Nitekim, uyuşmazlık konusu olayda; davacı hakkındaki yürütülen ceza kovuşturmasına konu eylem “çocuğa karşı cinsel istismar” iken, disiplin cezasına bağlanan fiil; “Memurluk sıfatı ile bağdaşmayacak nitelik ve derecede yüz kızartıcı ve utanç verici hareketlerde bulunmak” niteliğindedir.
Bu bağlamda; toplum ve ailenin korunmasına yönelik ceza normu ile memurluk sıfatının gereklerine ilişkin olarak disiplin yaptırımına bağlanan kuralların aynılığından bahsedilemeyeceği açıktır.
Mahkemece, davacı hakkında verilen mahkumiyet kararını esas alan bir yaklaşımla ve delillerin değerlendirilmesine ve irdelenmesine ilişkin herhangi bir açıklamaya yer verilmeyerek eylemin sübut bulduğundan bahisle karar verildiği, karara dayanak gösterilen ilk derece ceza mahkemesi kararının da, … Ceza Dairesi’nin … tarihli ve E:…, K:… sayılı kararıyla; davaya bakma görevinin ağır ceza mahkemesine ait olduğu gerekçesiyle bozulduğu görülmektedir.
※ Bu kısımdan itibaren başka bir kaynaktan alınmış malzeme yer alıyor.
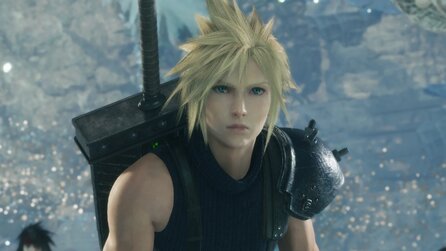 Final-Fantasy-7-Director hat Revelation 40 Mal durchgespielt und weint immer an derselben Stelle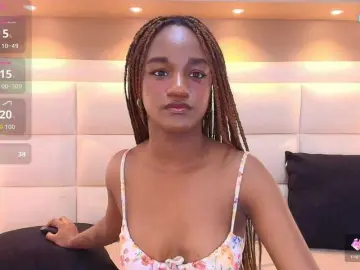Bongacams Live Sex Cam of Chloebrunnie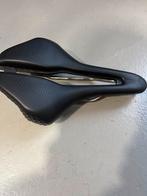 ERE Research Tenaci T Zadel - 14.5cm breed, Ophalen of Verzenden, Zo goed als nieuw, Racefiets, Zadel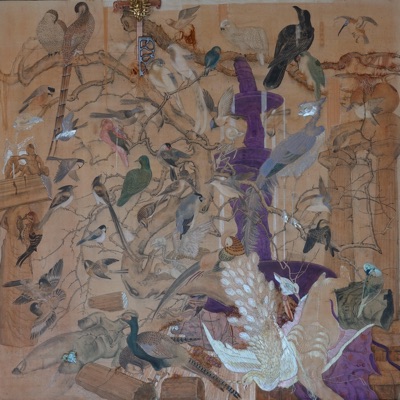 Island Birdy - Single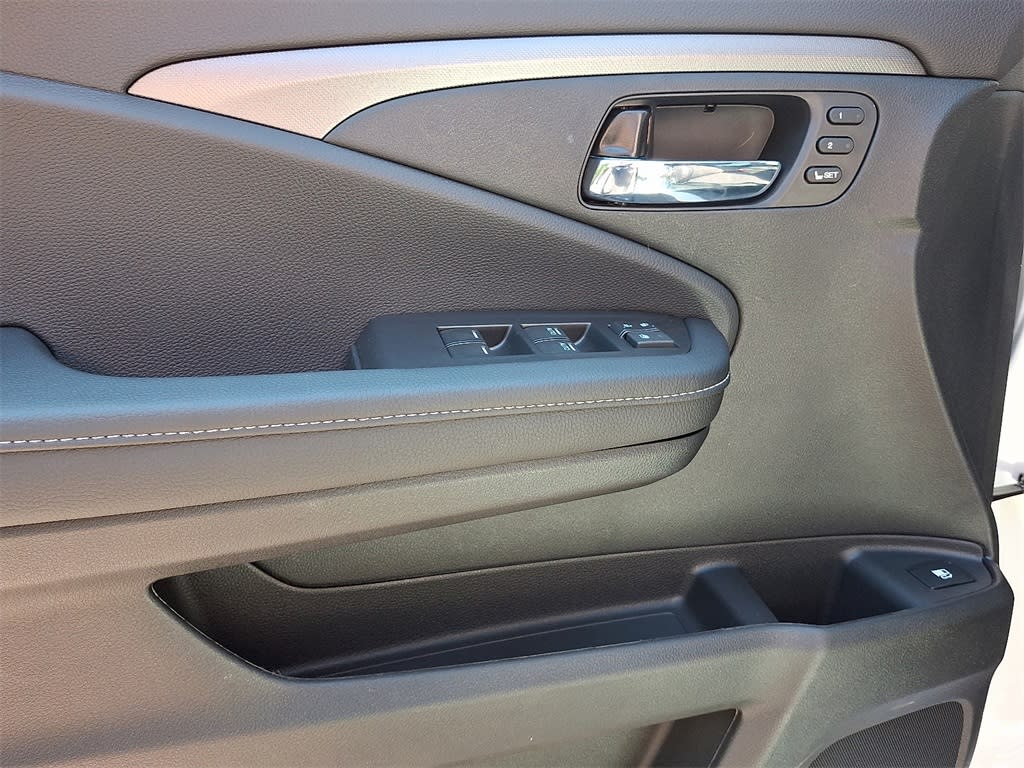 Thumbnail: 2026 Honda Ridgeline - 15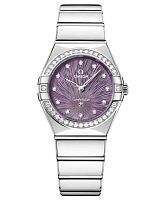 часы Omega Constellation 131.15.28.60.60.001 фото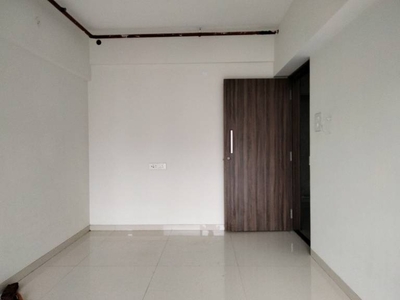 405 sq ft 1RK 1T North facing Apartment for sale at Rs 30.00 lacs in Haware Nirmiti in Kamothe, Mumbai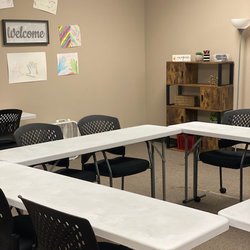 Northwest Integrated Health - Group Room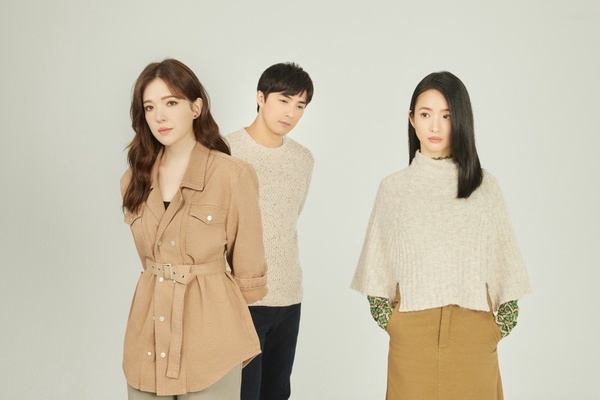 9位相隔多年回歸台劇演員!林心如8年,林依晨12年,桂綸鎂14年,賈靜雯15年,他隔31年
Buna göre; davacıya isnat edilen disiplin suçu ve ceza yargılamasındaki suç nitelendirmesinin aynı olduğu, idari soruşturma raporunda ceza yargılamasında elde edilen delillerden başkaca bir hususun bulunmadığı göz önüne alındığında, … Asliye Ceza Mahkemesi’nin E: … sayılı kararının bozulması karşısında, dava konusu uyuşmazlık hakkında …Ağır Ceza Mahkemesi’nce verilecek karar gözönünde bulundurularak yeniden bir karar verilmesi gerekmektedir.

KARAR SONUCU:
Açıklanan nedenlerle;
1. 2577 sayılı Kanun’un 49. maddesine uygun bulunan davacının temyiz isteminin kabulüne,
2. Davanın yukarıda özetlenen gerekçeyle reddine ilişkin, … İdare Mahkemesinin … tarih ve E:…, K:.. sayılı kararının 2577 sayılı Kanun’un 49. maddesi uyarınca BOZULMASINA,
3. Yeniden bir karar verilmek üzere dosyanın anılan Mahkemeye gönderilmesine, 29/09/2020 tarihinde oybirliğiyle karar verildi.